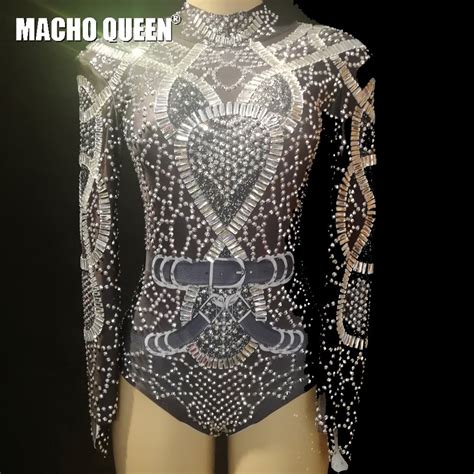 sexy rhinestone burning man bodysuit drag queen costomes party jumpsuit celebrity singer stage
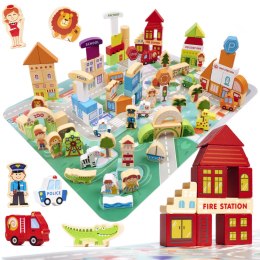 Klocki drewniane edukacyjne miasto puzzle 120el. Kik Sp. z o. o. Sp. k.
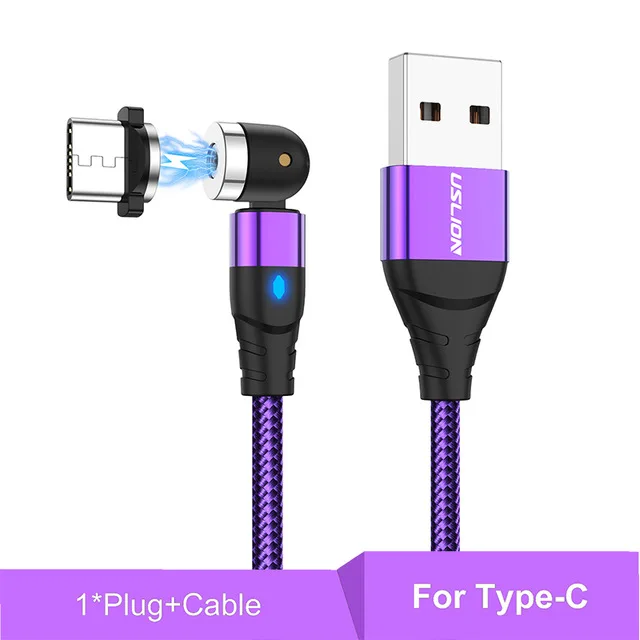 USLION 540 Degree Roating Magnetic Cable Micro USB Type C Phone Cable For iPhone11 Pro XS Max Samsung Xiaomi USB Cord Wire Cable android charger cord Cables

» Exercise: I'd like the material above repeated exactly, with the pictures omitted.

» Answer box:
 sexy rhinestone burning man bodysuit drag queen costomes party jumpsuit celebrity singer stage
 Klocki drewniane edukacyjne miasto puzzle 120el. Kik Sp. z o. o. Sp. k.
 USLION 540 Degree Roating Magnetic Cable Micro USB Type C Phone Cable For iPhone11 Pro XS Max Samsung Xiaomi USB Cord Wire Cable android charger cord Cables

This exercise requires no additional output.